Log Search Results

24 November 1836. Cambridge, Mass.

Thoreau checks out the North American Review, no. 93 and Shakespeare’s Romances, volumes 1 and 2 from the library of the Institute of 1770 (The Transcendentalists and Minerva, 1:84).

24 November 1850. Concord, Mass.

Thoreau writes in his journal:

  Plucked a buttercup on Bear Hill to-day (Journal, 2:109-110).
24 November 1851. Concord, Mass.

Thoreau writes in his journal:

  Setting stakes in the swamp (Ministerial) . . . The Irishman who helped me says, when I ask why his countrymen to not learn trades,—do something but the plainest and hardest work,—they are too old to learn trades when they come here.
(Journal, 3:130)
24 November 1852. Concord, Mass.

Thoreau writes in his journal:

  At this time last year the andromeda in the Ministerial Swamp was red. Now it has not turned from brown (Journal, 4:416).
24 November 1853. Concord, Mass.

Thoreau writes in his journal:

  Ice forms on my boat at 5 P.M., and what was mud in the street is fast becoming a rigid roughness . . . Methinks we have had clear yellow sunsets and afterglows this month, like this to-night (not glowing red ones), with perhaps an inclination to blue and greenish clouds.
(Journal, 5:519)
24 November 1855. Concord, Mass.

Thoreau writes in his journal:

  Geese went over on the 13th and 19th, on the 17th the first snow fell, and the 19th it began to be cold and blustering. That first slight snow has not yet gone off! and very little has been added. The last three or four days have been quite cold, the sidewalks a glare of ice and very little melting. To-day has been exceedingly blustering and disagreeable, as I found while surveying for Moore . . .
(Journal, 8:33-34)
24 November 1857. Concord, Mass.

Thoreau writes in his journal:

  Some poets have said that writing poetry was for youths only, but not so. In that fervid and excitable season we only get the impulse which is to carry us onward in our future career. Ideals are then exhibited to us distinctly which all our lives after we may aim at but not attain. The mere vision is little compared with the steady corresponding endeavor thitherward. It would be vain for us to be looking ever into promised lands toward which in the meanwhile we were not steadily and earnestly travelling, whether the way led over a mountain-top or through a dusky valley . . .
(Journal, 10:199-202)
24 November 1858. Concord, Mass.

Thoreau writes in his journal:

  P.M.—To Cliffs and Walden . . .

  When I looked out this morning, the landscape presented a very pretty wintry sight, little snow as there was . . .

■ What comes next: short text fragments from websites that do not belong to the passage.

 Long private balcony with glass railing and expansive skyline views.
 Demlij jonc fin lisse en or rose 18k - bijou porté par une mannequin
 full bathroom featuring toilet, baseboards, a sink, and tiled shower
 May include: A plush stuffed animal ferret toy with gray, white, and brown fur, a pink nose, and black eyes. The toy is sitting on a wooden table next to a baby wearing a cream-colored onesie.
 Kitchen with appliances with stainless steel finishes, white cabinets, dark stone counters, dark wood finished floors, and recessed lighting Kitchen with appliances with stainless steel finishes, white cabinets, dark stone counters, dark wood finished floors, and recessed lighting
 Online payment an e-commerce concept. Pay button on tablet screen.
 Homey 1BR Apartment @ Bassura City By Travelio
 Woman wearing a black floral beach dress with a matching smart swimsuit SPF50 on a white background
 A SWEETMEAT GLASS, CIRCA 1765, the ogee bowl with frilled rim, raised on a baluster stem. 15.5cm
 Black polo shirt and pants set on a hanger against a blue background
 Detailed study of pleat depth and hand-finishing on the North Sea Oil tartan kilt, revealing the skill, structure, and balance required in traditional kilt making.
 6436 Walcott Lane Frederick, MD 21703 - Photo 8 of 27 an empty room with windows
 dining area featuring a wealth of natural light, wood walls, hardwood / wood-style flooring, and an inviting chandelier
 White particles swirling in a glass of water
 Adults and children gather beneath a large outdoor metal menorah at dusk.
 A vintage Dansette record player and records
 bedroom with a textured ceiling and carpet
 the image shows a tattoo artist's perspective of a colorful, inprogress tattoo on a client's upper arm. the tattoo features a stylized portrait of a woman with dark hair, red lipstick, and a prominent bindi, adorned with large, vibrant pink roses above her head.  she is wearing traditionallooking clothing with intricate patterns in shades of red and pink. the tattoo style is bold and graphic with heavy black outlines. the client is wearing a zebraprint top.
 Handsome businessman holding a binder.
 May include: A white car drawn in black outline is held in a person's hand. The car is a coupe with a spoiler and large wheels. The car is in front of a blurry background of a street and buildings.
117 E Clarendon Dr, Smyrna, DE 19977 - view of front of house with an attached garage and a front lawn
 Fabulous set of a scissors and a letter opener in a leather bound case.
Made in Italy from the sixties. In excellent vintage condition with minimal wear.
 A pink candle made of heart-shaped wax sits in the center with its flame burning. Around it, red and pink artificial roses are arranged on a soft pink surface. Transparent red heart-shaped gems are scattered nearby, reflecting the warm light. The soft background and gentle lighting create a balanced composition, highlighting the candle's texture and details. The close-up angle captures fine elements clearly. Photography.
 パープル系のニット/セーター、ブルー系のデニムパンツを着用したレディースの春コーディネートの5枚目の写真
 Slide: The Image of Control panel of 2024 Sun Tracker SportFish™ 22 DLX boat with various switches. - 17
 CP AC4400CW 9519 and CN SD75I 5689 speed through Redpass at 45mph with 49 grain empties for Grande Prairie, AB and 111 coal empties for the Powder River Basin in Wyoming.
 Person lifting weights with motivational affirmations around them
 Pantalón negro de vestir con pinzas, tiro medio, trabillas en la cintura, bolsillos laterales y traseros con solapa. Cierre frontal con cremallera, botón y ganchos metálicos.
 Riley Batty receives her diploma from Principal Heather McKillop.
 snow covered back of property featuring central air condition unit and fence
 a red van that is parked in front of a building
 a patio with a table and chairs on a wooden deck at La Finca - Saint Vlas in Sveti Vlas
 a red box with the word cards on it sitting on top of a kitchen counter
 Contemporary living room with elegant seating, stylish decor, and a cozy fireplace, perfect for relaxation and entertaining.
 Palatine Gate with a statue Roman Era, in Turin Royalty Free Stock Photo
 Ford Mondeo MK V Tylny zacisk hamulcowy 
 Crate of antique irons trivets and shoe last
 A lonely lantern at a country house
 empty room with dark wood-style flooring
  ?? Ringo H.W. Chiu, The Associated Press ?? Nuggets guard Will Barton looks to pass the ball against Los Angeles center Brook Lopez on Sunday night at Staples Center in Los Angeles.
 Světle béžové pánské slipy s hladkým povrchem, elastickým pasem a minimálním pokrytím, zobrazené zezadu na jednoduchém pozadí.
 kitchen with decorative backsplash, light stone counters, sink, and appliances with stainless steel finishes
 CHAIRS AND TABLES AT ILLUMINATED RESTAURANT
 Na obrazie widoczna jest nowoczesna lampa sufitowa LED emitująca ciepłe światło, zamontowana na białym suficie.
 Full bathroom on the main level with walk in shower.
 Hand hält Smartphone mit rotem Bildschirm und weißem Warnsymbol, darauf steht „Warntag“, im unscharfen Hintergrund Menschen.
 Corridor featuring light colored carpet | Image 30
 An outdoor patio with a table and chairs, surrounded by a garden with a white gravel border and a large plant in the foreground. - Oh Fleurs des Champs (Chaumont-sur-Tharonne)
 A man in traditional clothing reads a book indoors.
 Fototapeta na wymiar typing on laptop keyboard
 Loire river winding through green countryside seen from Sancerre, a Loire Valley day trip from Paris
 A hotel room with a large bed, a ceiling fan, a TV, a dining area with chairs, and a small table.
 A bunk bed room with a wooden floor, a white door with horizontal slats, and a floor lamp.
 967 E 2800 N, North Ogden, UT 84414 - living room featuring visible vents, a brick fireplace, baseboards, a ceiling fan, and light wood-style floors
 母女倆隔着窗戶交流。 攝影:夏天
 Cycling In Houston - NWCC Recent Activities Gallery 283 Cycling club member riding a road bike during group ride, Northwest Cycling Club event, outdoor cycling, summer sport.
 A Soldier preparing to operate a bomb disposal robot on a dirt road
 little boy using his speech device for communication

  Saw a scarlet oak some sixteen inches in diameter at three feet from ground blown down evidently in that southeast wind some months ago . . .

(Journal, 11:340-342)
24 November 1859. Concord, Mass.

Thoreau writes in his journal:

  See, on the railroad-slope by the pond, and also some days ago, a flock of goldfinches eating the seed of the Roman wormwood . . . (Journal, 12:450).

Thoreau also writes to Calvin Greene:

Dear Sir,

  The lectures which you refer to were reported in the newspapers, after a fashion, the last one in some half dozen of them, and if I possessed one, or all, of those reports I would send them to you, bad as they are. The best, or at least longest one of the Brown Lecture was in the Boston “Atlas & Bee” of Nov 2nd. Maybe half the whole. There were others in the Traveller – the Journal &c of the same date.

  I am glad to know that you are interested to see my things. & I wish that I had them in a printed form to send to you. I exerted myself considerably to get the last discourse printed & sold for the benefit of Brown’s family – but the publishers are afraid of pamphlets & it is now too late.

  I return the stamps which I have not used.

  I shall be glad to see you if I ever came your way

Yours truly
Henry D. Thoreau

(The Correspondence of Henry David Thoreau, 566)
24 November 1860. Concord, Mass.

Thoreau writes in his journal:

  P.M.—To Easterbrooks’s.

  Under the two white oaks by the second wall southeast of my house, on the east side the wall, I am surprised to find a great many sound acorns still, though every one is sprouted . . .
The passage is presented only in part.